SNI got its Houston network from an old codger and oilman named Lee Cook. In premature partnership with Bing Crosby in the 1950s to bring video on demand, Cook had acquired all the rights-of-way for a network around Houston. Miller and Cook made a deal, and the business was under way. Seismic data has much in common with rich streaming Internet data. Both are bulky and serial, and clients for seismic data require fast access. Meeting the challenge of the oil companies prepared SNI to fulfill the demands of complex web portals dispensing a variety of demanding datatypes.
Seeing the business take off in Houston under Miller, CEO Peter Bell, formerly of EMC (EMC), set up in New York to target customers in the financial community, swamped in mires of mandated records, transactional demands, and data mining opportunities. Bell launched a storage center at AT&T's hub at 111 Eighth Avenue, connected by a fiber ring to the World Financial Center and linked to New Jersey under the Hudson River through 864-fiber cables from Metromedia Fiber (MFNX). The cables ran through the Holland and Lincoln tunnels to Internet nodes at Weehawken and Jersey City, which in turn were linked to the SNI control center in Waltham and to the SNI center in London via Global Crossing lines. The word is that Merrill Lynch (MER) now has some 14 terabytes of data with the company.
Oil and finance are applications from the old economy. But also showing up in Waltham was Yahoo (YHOO) CTO Farzad Nazem who was faced with integrating such disparate companies as Geocities and Broadcast.com into its system. Next door in Waltham, Lycos (LCOS) faced similar challenges of combining diverse new acquisitions that demanded fast response times and robust transactions with jitter-free video streams and data mining of click streams, all totaling many terabytes of storage. Today most Storage Network customers are dotcoms.
The key issue for the company is barriers to entry. What SNI pioneered in two years can presumably be accomplished more quickly by other companies that benefit from the SNI learning curve. However, it will not be easy. Raising $203 million of venture capital, hiring several hundred storage engineers, contriving two complex software systems suitable for diverse customers in oil, finance, and on the Web, negotiating thirty-six-month guaranteed Service Level Agreements (SLAs) with scores of customers from Merrill Lynch to X:Drive?all in just two years?Storage Networks is showing real prowess running with the bulls on Internet time. Although the field is crowded and there is scant room for mistakes, Storage Networks is the prime storewidth service provider today.

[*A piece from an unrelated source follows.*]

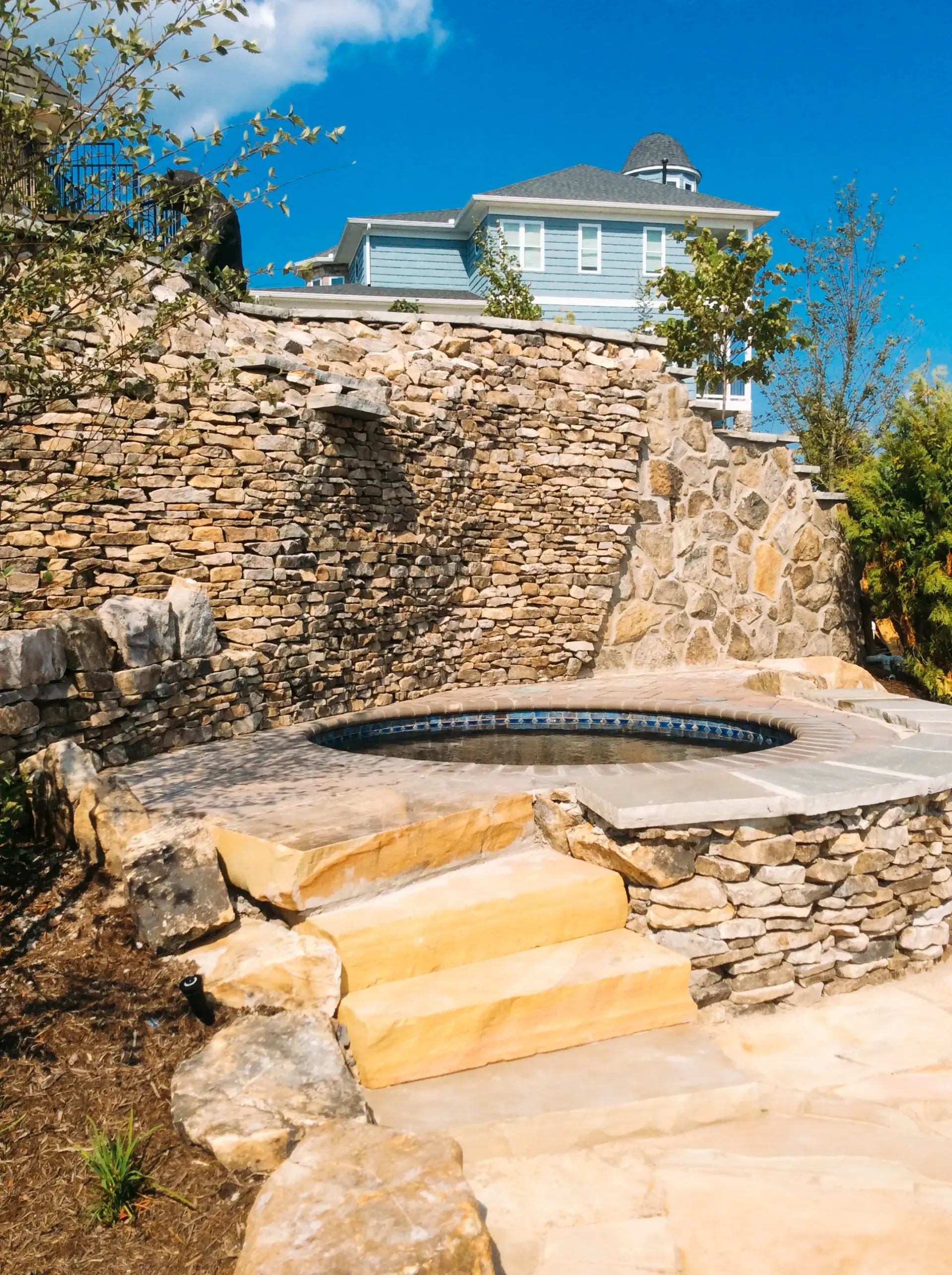 A stone wall with stairs leading to a hot tub in front of a house.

To achieve the PACS goals, SNI integrates gear and supporting services from such companies as EMC and Sun (SUNW) to Network Appliance and LuxN, and uses bandwidth from Telecosm stars Global Crossing, Metromedia Fiber, and Yipes. To explain SNI's strategy?and the current state of storewidth?SNI founders turn to examples from the history of EMC down the Massachusetts Turnpike in Hopkinton. EMC remains the Goliath of the storage field.

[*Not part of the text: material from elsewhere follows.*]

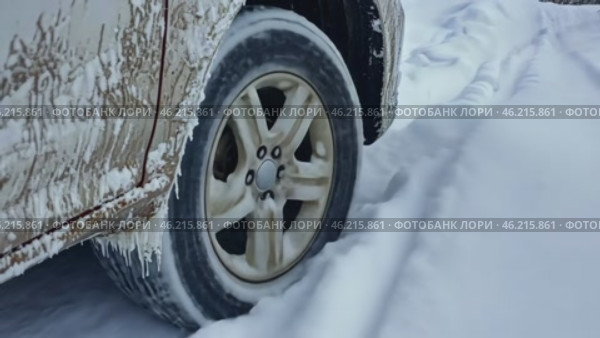 Icy car. Wheel skids in the snow. Frozen Auto. Ice covered Vehicle during Snowstorm. Hazardous Winter Road Driving. Cold Season. Corrosion, Rust. Close-up of tires. Trail of tread marks in thick snow. Стоковое AI-видео, аниматор Марина Демидюк / Фотобанк Лори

EMC's tetherless disk arrays
In the mid-1980s, EMC began with the problem of multiple disk drives. Usually tethered to one processor in a single computer, with a multi-purpose operating system, disk drives were all-too-typical children of harried and hapless single parents. Raised by part-time operating systems, the drives seemed never to come first: They grew up sub-optimized, their data strewn hither and yon, unable to set priorities, make schedules, show up on time, or grasp the expectations of the working world.
EMC declared that it takes a village. It began as a Vista program for disadvantaged drives, taking cheap devices from Seagate and the Japanese, teaching them teamwork, and getting them jobs in plug-compatible storage systems for IBM mainframes. Within five years, EMC took sixty percent of the IBM storage market. Then in 1996, it launched a series of storage area networking (SAN) products that liberate storage arrays from particular servers and computer systems. A specialized back channel network, a SAN links disks and tapes, memory caches, load balancers, file servers and fail-over redundancy schemes and manages them as a unit, which in turn can be connected to the Web.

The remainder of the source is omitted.